El humo en la ciudad se había vuelto un compañero de respiración.  Desde entonces el horario laboral había cambiado en la ciudad. Muy a su pesar Martina regresaba más temprano a casa.  Una tarde de la mano del tedio, decidió entrar al cuarto de los chécheres pese al odio que le profesaba a ese lugar polvoriento y abarrotado. Entró convencida de que algo encontraría para matar su aburrimiento, claro no sin antes hacerse de un par de guantes y una máscara de las que compró para protegerse de la H1N1.

En ese cuarto,  su marido amontonaba cuanto mueble encontraba echado en la calle. Una vez adentro,  testaruda como era,  no dio ni un paso atrás hasta visualizar  lo que necesitaba: una mesa pequeña  para un rincón, un perchero para la entrada y si tenía suerte, un sofá para su habitación.
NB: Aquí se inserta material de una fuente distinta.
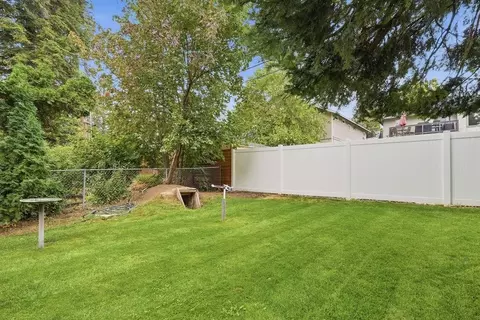 Exterior - 1423 E 36th Ave, Spokane, WA 99203 photo 5 of 9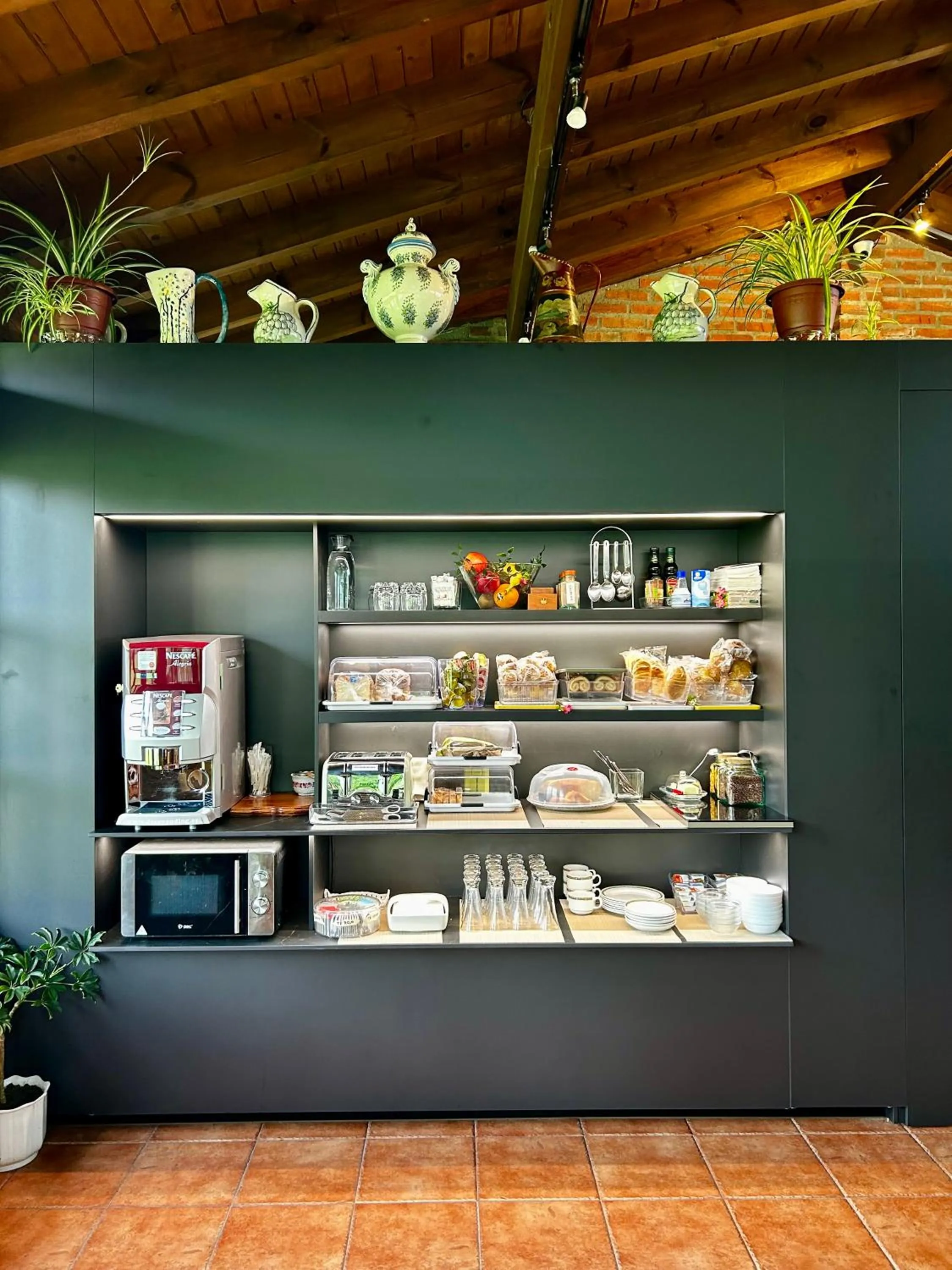 Breakfast in Hotel La Arquera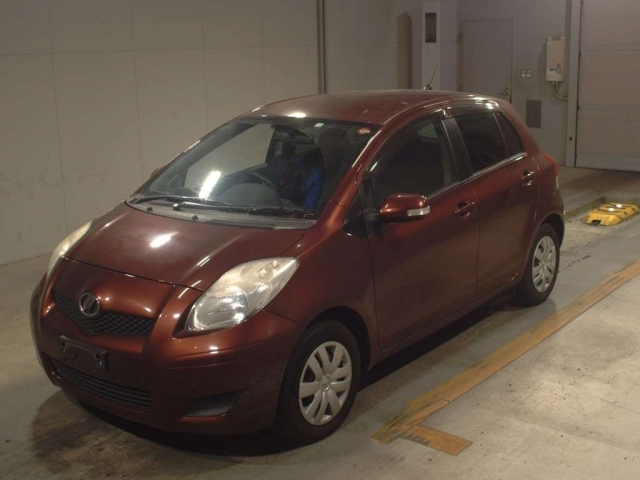 TOYOTA VITZ 2010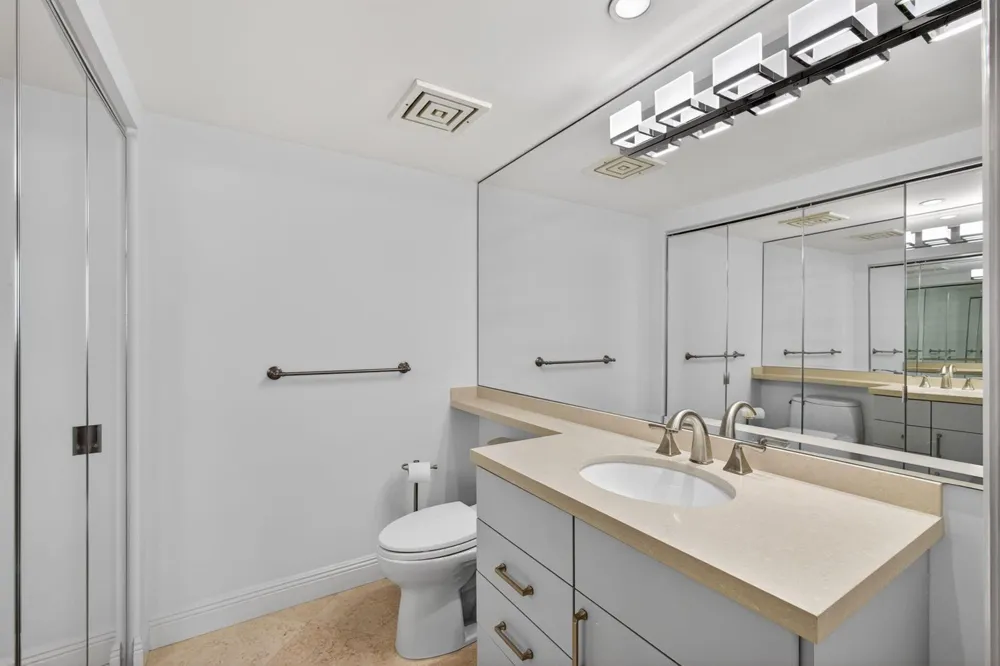 4000 Ocean Drive #701 Singer Island, FL 33404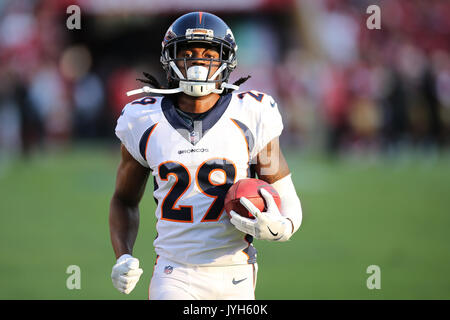 August 19, 2017: Denver Broncos cornerback Bradley Roby (29) Augen die Kamera nach dem Fang in vorwärmungen vor dem Spiel zwischen der Denver Broncos und San Francisco 49ers, Levi Stadion, San Jose, CA. Fotograf: Peter Joneleit Stockfoto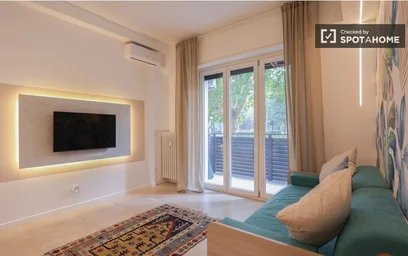 Logement entier à Via Angelo Inganni, image 4 de 19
Lo primero que encontró fue la mesa. Al sacarla se tropezó con una silla de la que se enamoró al instante, es más, se extrañó muchísimo de que estuviese allí abandonada a su suerte. La silla de madera barnizada  estaba forrada de un terciopelo vino tinto, raído y manchado. De inmediato se imaginó la nueva silla vitange decorando su habitación. La tarea ahora era restaurarla.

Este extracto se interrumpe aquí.